Innisfail approves a pair of special tax settlements
Mayor Jean Barclay opposes regulations on the grounds that the city must establish ‘goodwill’ with industrial park stakeholders
INNISFAIL — Following last year’s controversy over a special tax settlement in the city’s southwest West Gate Industrial Park, City Council approved two new ones for 2022 for owners of 61st Avenue and 37th street.
However, it was not unanimous with the administration’s first attempt on March 14, and final approval was not achieved until March 28.
The two special tax regulations for owners of 61st Avenue and 37th Street for the 2022 tax year were originally presented to council on March 14 for first, second and third readings.
Although each recommended a motion asking council to “consider third reading”, the votes were not unanimous and both were defeated. Each regulation failed to pass third and final reading.
The two bylaws, designed by the city to recoup some of the recent $1 million cost for road improvements, were brought back to council on March 28. The third readings then passed by a vote of 6 to 1.
Mayor Jean Barclay was the only council member to oppose the two special tax regulations.

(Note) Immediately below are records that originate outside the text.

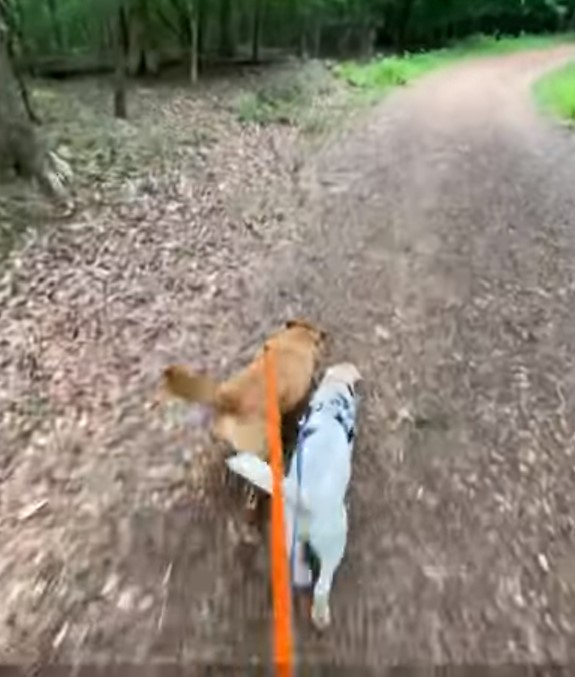 Hunde beim Spaziergang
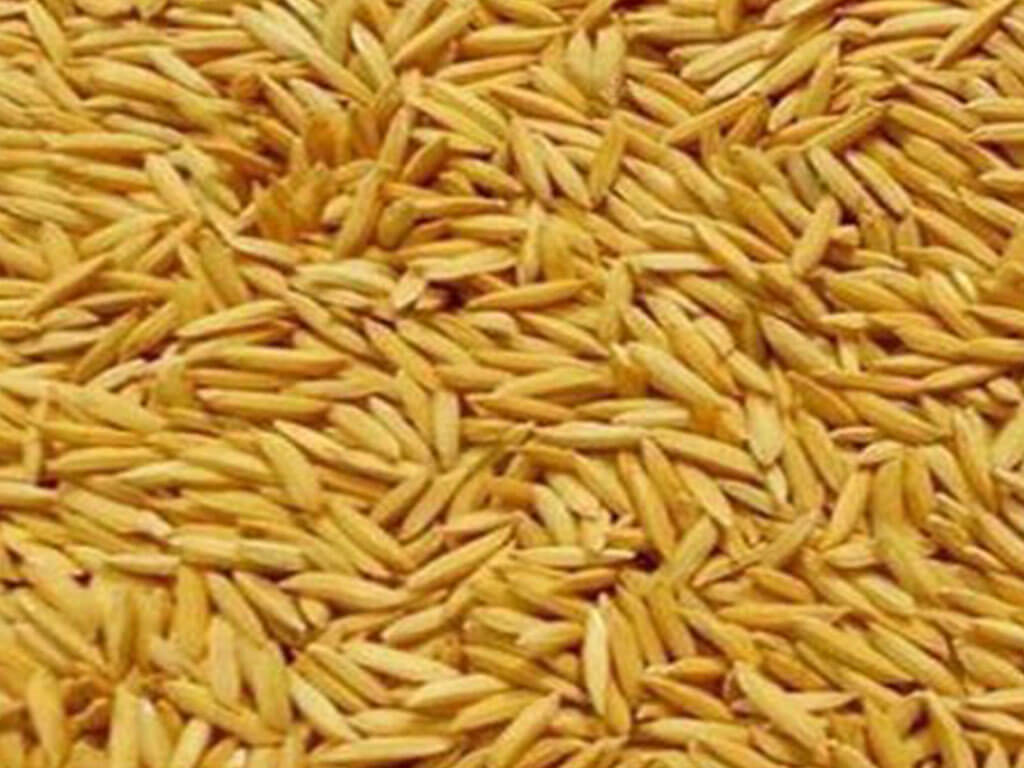 मूल्य निर्धारणपछि धान बेच्ने भीड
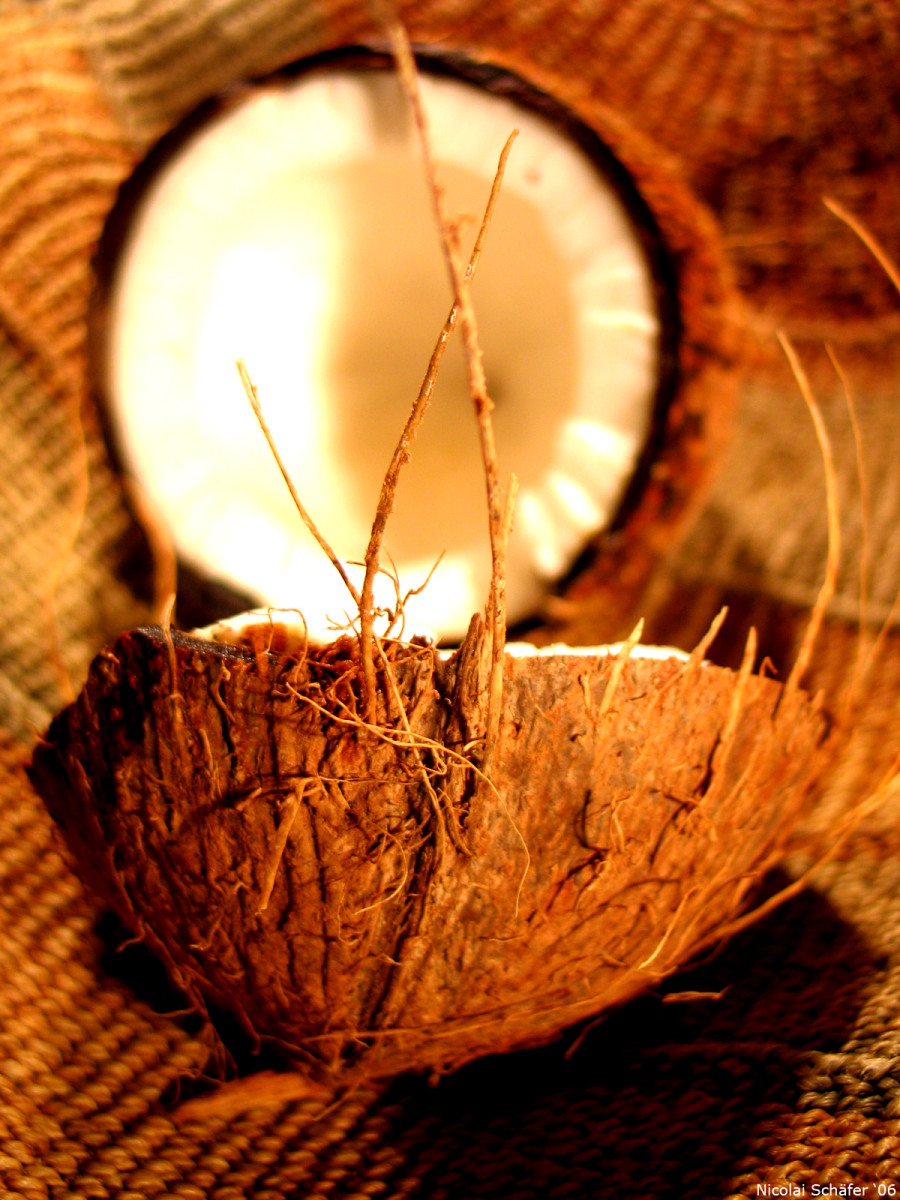 The Benefits of Using Coconut Oil in Your Daily Beauty Routine.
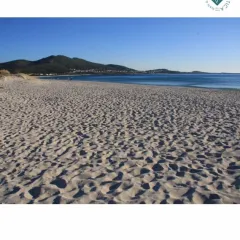  Informe técnico del programa de vigilancia sanitaria de las zonas de baño de Galicia 2013 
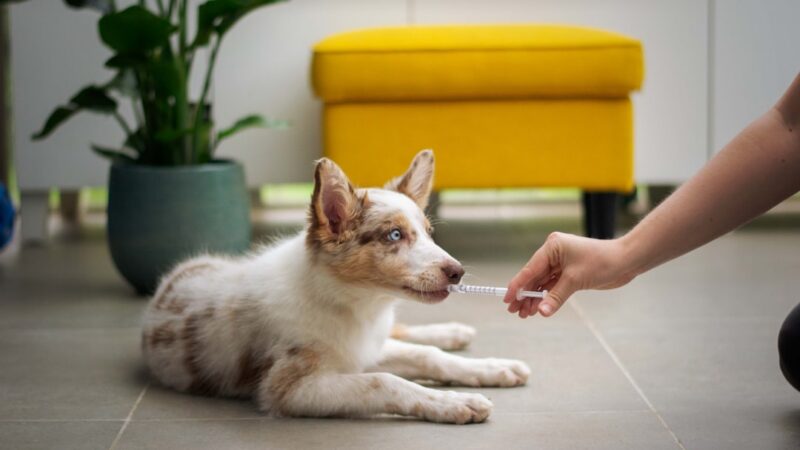Top 8 Shampoos para Cães com Pele Sensível — Dermatológicos e Naturais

“I believe it is important for us to build relationships with our business community and maintain a principle of fairness,” Barclay said. “There have been other road improvements in the city. We took gravel roads and they became hard surfaces. We have not applied this special tax to them, and I am thinking of 57th Street and the community gardens.
The mayor added that the revenue from the special tax represents only 0.04% of the overall budget.

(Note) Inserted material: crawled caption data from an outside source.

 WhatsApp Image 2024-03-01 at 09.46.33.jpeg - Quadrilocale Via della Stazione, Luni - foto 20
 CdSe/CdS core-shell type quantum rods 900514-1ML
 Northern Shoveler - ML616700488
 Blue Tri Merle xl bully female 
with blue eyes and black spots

“It’s really not meaningful and I would prefer that we create goodwill and work with the business community in the industrial park and maybe they would potentially support the city in our efforts to move forward. forward on some of the projects we’re considering,” she said. , adding that she was aware of a tax bill last year from the industrial park that had a 6.5% tax increase. “It is significant.”
Barclay also reminded the board that there will be major expansions taking place in the industrial park in the future.
“It benefits the whole community, not just one corner of the community,” she said. “This is also a philosophy that I have – that we should all share in the investments made to improve our community, and a road improvement project, in my view, is just one such example. .”
However, the con. Gavin Bates countered that he believed there was ‘full transparency’ with the process, and the special tax settlement which was passed by the previous council in 2021 was ‘more than fair’ to all facade users. of the industrial area.
“It was collaborative every step of the way. We met them,” Bates said. ‘I believe most of the properties were bought knowing full well they had no paving and that was probably factored into the price of their purchases and I don’t think the general tax base should pay the bill. It’s only a fraction.”
With the approval of the special tax for owners of 37th Street, the city will generate total tax revenue of $75,068.25, or $5,004.55 in revenue per year for the next 15 years. from 2022.
From the owners of 61st Avenue, the special tax settlement will generate total tax revenue of $88,134.75 or $5,875.64 in revenue per year for the next 15 years beginning in 2021.
The special tax settlement process, which began last year, hit a major snag in 2021 when 61st Avenue landlords complained through local attorney Chad Evans that they had no been properly consulted during the process.
Evans also pointed to several problematic issues that he says do not comply with the provincial Municipal Government Act (MGA). He said customer concerns centered on the timing of the special tax, the lack of consultation and the proper implementation of the tax.
City chief executive Todd Becker later apologised, admitting there were “technical challenges” with some sections of the bylaw not meeting the standards set by the MGA.
The special tax settlement issues were then addressed and corrected by the administration. The specific tax regulations must be reported each year to the council for approval.